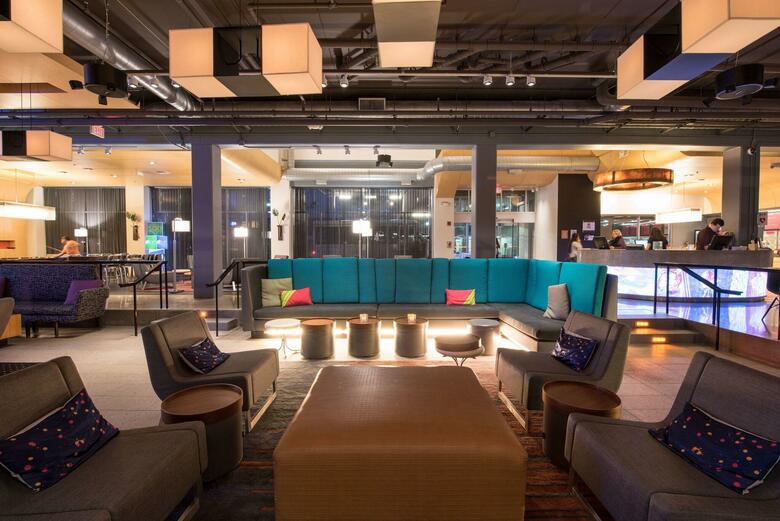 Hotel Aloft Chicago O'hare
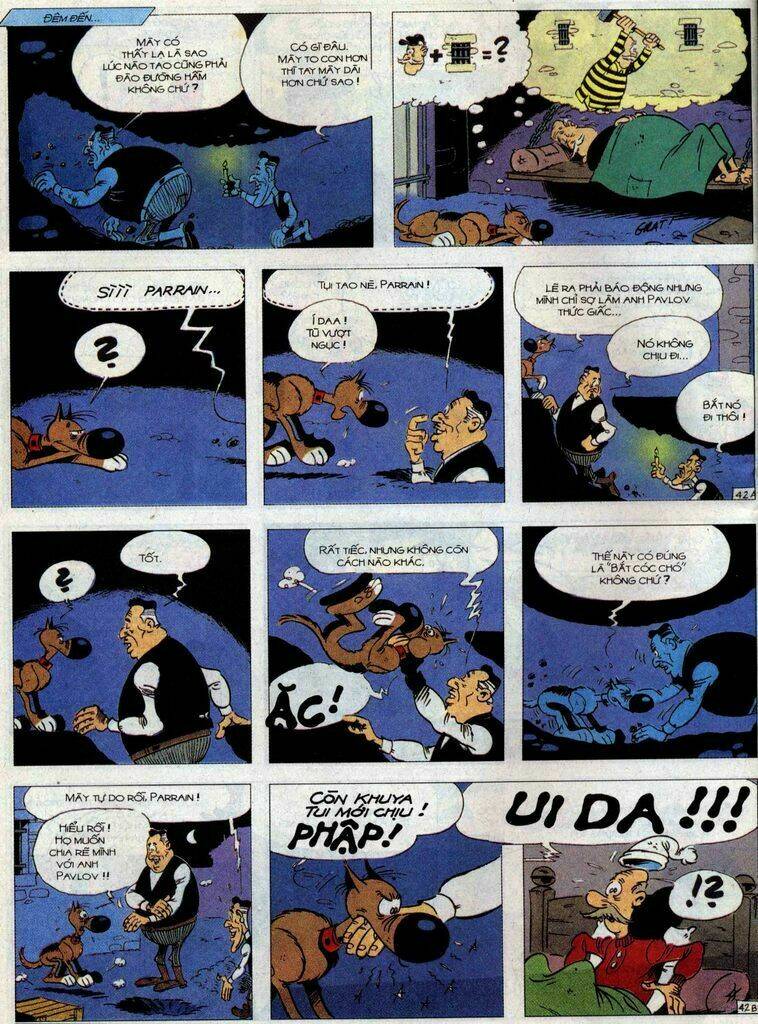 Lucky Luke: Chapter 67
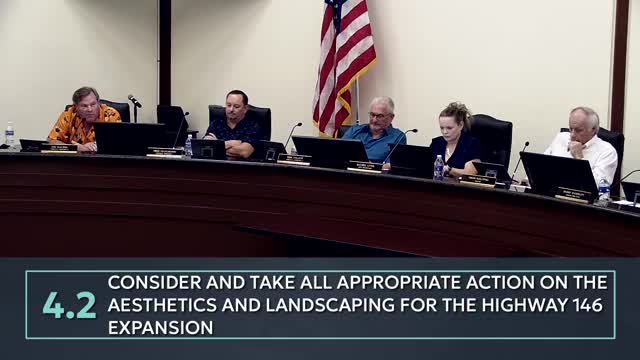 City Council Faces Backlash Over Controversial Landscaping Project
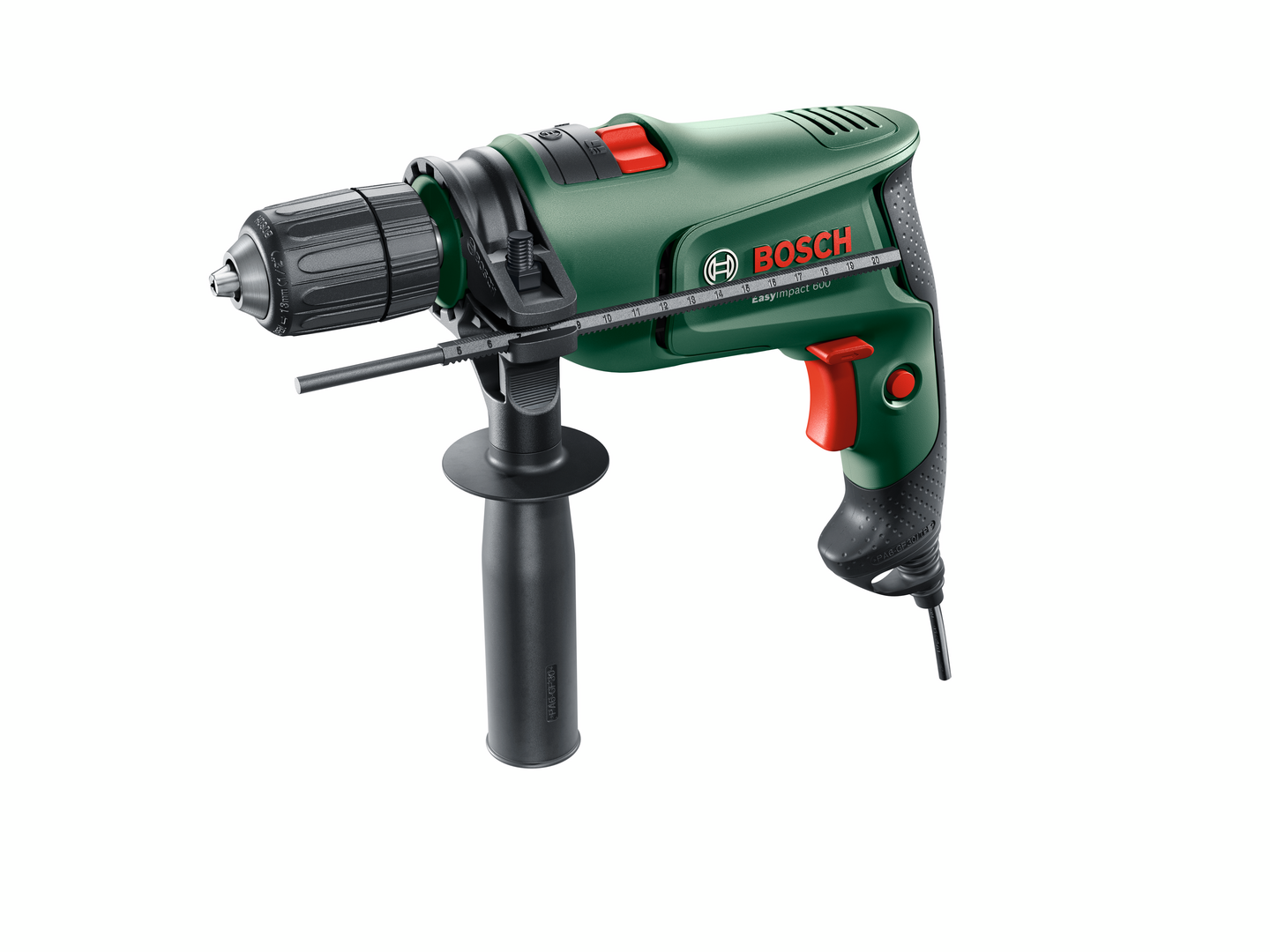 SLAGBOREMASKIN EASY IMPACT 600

_ _ _ _

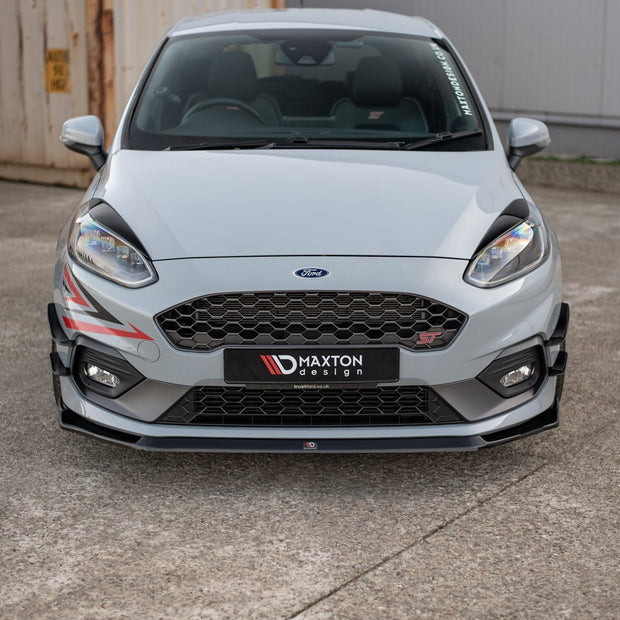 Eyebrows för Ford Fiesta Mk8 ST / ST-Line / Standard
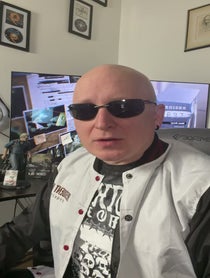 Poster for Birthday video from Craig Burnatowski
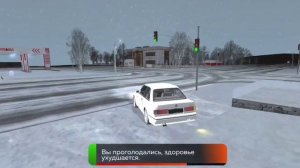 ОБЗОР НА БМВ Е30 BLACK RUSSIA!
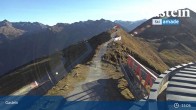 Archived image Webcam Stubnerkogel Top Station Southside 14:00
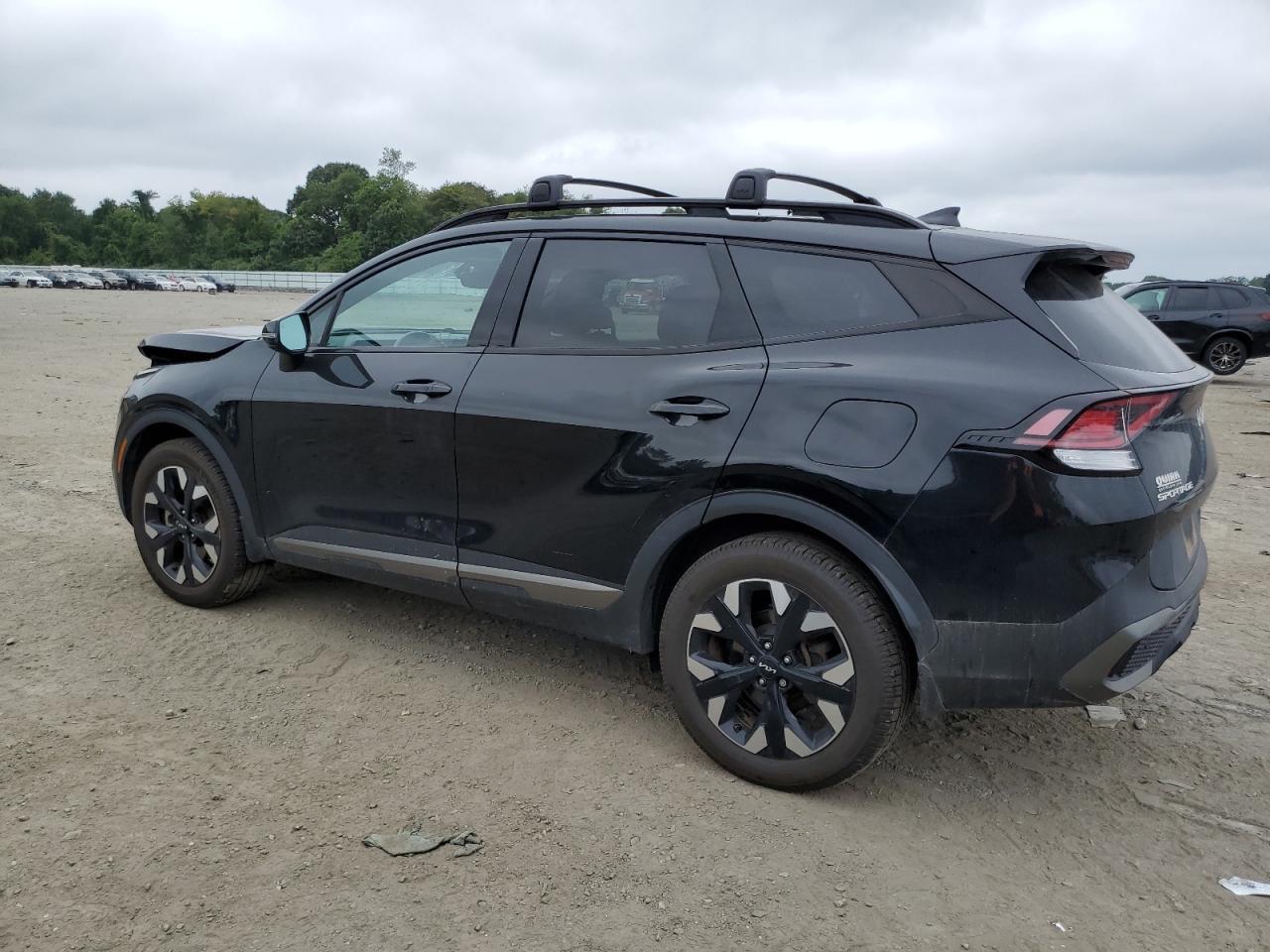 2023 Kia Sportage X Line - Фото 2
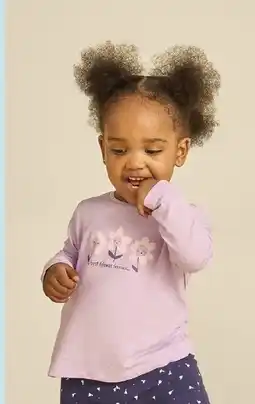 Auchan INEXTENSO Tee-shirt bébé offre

_ _ _ _

**What is being asked:** Without the pictures, give again exactly the lines above starting at the line containing "ОБЗОР НА БМВ Е30 BLACK RUSSIA!" and ending at the line containing "Auchan INEXTENSO Tee-shirt bébé offre".

**Response to this task:**
 ОБЗОР НА БМВ Е30 BLACK RUSSIA!
 Archived image Webcam Stubnerkogel Top Station Southside 14:00
 2023 Kia Sportage X Line - Фото 2
 Auchan INEXTENSO Tee-shirt bébé offre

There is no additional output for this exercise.